As we're talking, Hamilton watches a cloud of dust billow up on a farm road west of Fresno.

Respiratory therapist Kevin Hamilton stands near an unplanted field on a dusty farm road west of Fresno.
Respiratory therapist Kevin Hamilton stands near an unplanted field on a dusty farm road west of Fresno. (Sasha Khokha)

"So here goes another truck with more dust coming up," he says. "This is dangerous stuff. This is actually a health hazard."

Hamilton treats patients for asthma and says this kind of dust can travel for miles, ending up in people’s lungs. He criticized air regulators not only for the new dust guidelines, but also that they’re allowing well-drilling rigs from out of state that may have dirtier engines than California trucks.

"I understand that we’re in an emergency," he says, "but we’ve all fought so long to begin making progress here -- and I feel we are making progress. At this moment, it feels like we’re going to go backward again."

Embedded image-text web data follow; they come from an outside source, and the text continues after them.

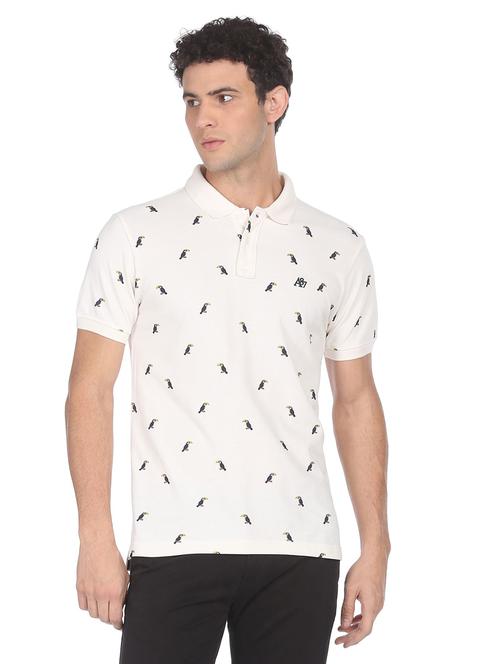 cotton printed t-shirts - 19389819 - Very Small Image - 1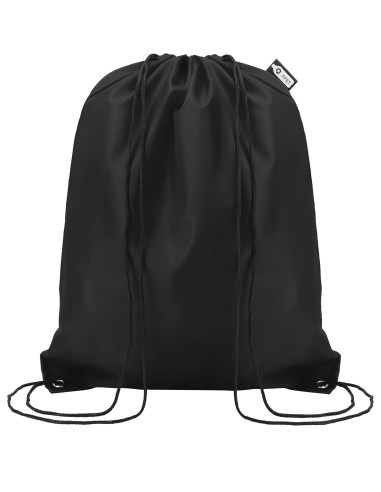 SOL-04103-Drawstring Backpack Conscious
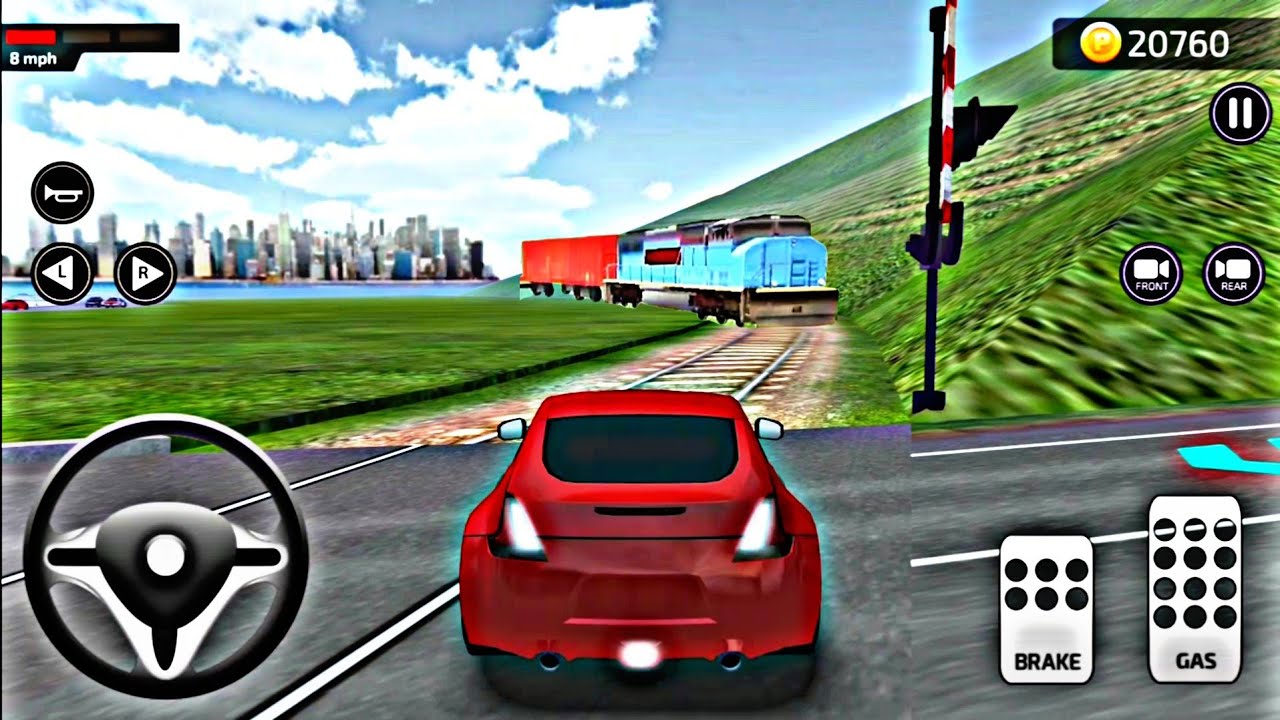 Parking Frenzy free download Parking Frenzy free download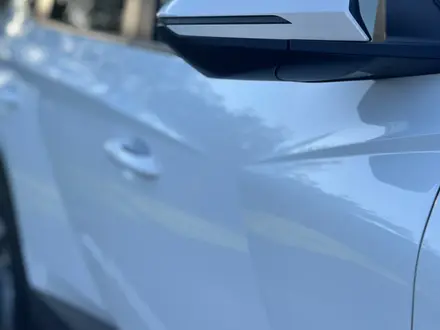 Hyundai Tucson 2023 года за 12 100 000 тг. в Алматы – фото 16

Just a few miles away, farmer Paul Betancourt says he doesn’t want his family breathing dusty air either. But he also doesn’t want the dust on his almond trees because it can cause mites. Watering down the roads on his farm, he says, means he uses fewer pesticides.

"We want to use less chemicals on the farm," Betancourt says. "You want us to use less chemicals on the farm. But in a year like this, when we’re really short of water, it’s balancing out how to keep the dust down."

Betancourt’s almond farm near the Fresno County town of Kerman has very fine, silty soil. For now, Betancourt says as long as he has water in his well, he’ll still periodically spray down the roads. Gravel is too expensive, and road oil just doesn’t work, he says.

“We need to use the water carefully and keep the dust down,” Betancourt said. “At this point, it’s still the most cost-effective way.”

He doesn’t plan to apply for the air district’s emergency drought relief programs. Farmers who do can avoid using water to control dust through Nov. 1. After that, the valley’s particulate matter season starts, and the air district says it will require farmers to use water to spray down roads again.